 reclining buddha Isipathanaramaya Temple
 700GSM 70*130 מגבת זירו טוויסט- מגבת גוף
_ _ _
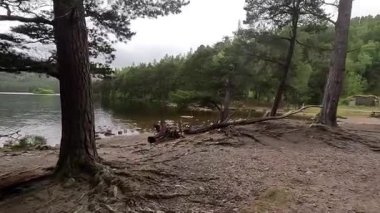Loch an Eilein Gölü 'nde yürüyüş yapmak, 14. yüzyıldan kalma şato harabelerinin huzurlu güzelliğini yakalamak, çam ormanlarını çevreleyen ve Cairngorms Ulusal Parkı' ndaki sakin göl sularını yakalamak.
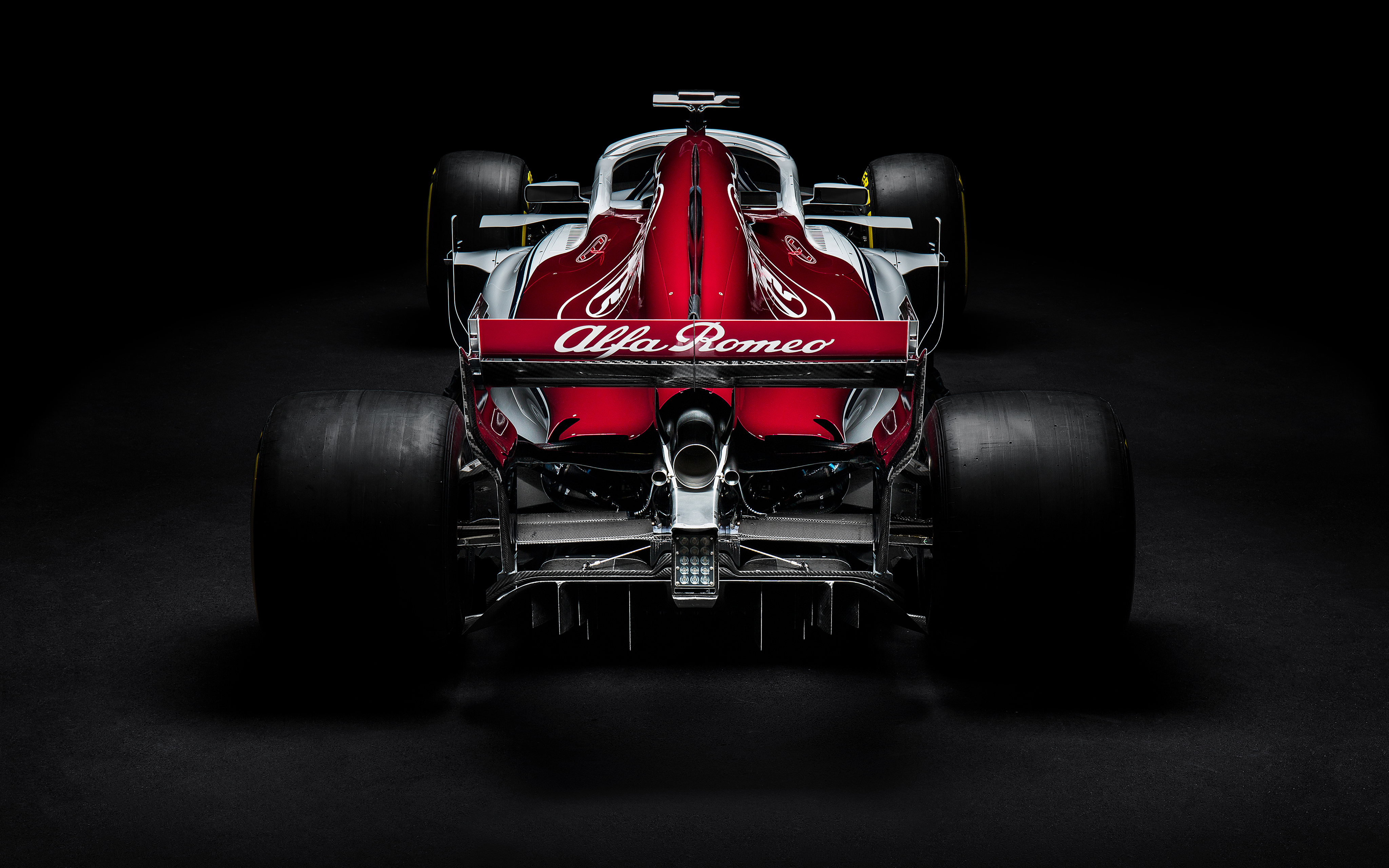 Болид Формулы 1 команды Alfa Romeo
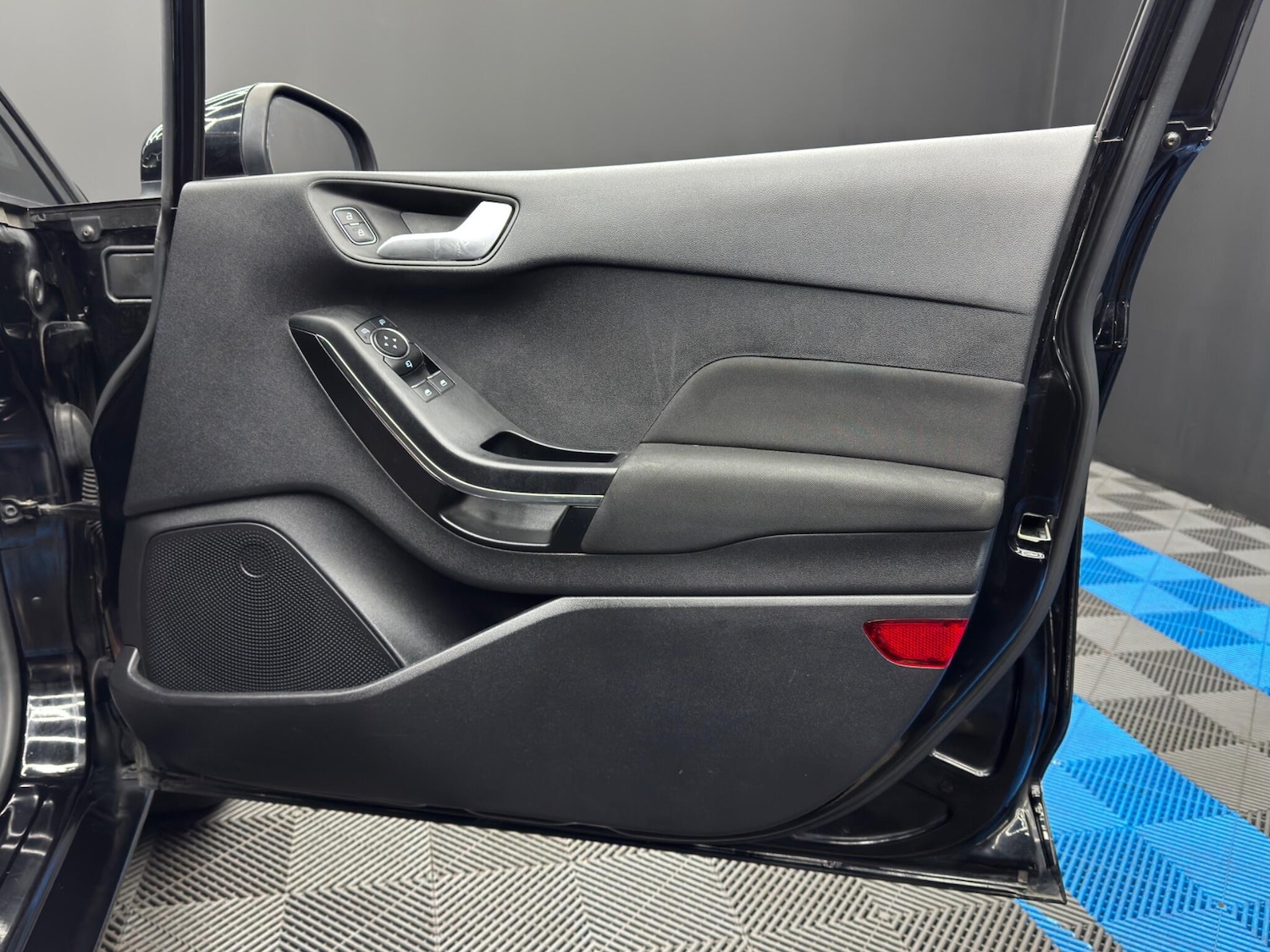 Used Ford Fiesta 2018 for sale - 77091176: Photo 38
_ _ _
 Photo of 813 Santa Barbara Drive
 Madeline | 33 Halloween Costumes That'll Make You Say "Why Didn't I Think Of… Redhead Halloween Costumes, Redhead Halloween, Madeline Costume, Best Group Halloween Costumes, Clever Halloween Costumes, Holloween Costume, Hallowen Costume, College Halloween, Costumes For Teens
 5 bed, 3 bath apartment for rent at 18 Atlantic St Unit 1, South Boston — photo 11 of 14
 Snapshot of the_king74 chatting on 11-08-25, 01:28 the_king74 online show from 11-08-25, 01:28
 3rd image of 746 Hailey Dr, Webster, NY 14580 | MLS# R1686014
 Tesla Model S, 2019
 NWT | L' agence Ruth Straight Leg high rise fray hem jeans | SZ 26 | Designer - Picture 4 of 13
_ _ _
● **Task details**: Your copy should hold the lines from the one with "Loch an Eilein" up to and including the one with "Used Ford Fiesta", exactly as in the data above, and no pictures.

● **Output for this task**:
Loch an Eilein Gölü 'nde yürüyüş yapmak, 14. yüzyıldan kalma şato harabelerinin huzurlu güzelliğini yakalamak, çam ormanlarını çevreleyen ve Cairngorms Ulusal Parkı' ndaki sakin göl sularını yakalamak.
 Болид Формулы 1 команды Alfa Romeo
 Used Ford Fiesta 2018 for sale - 77091176: Photo 38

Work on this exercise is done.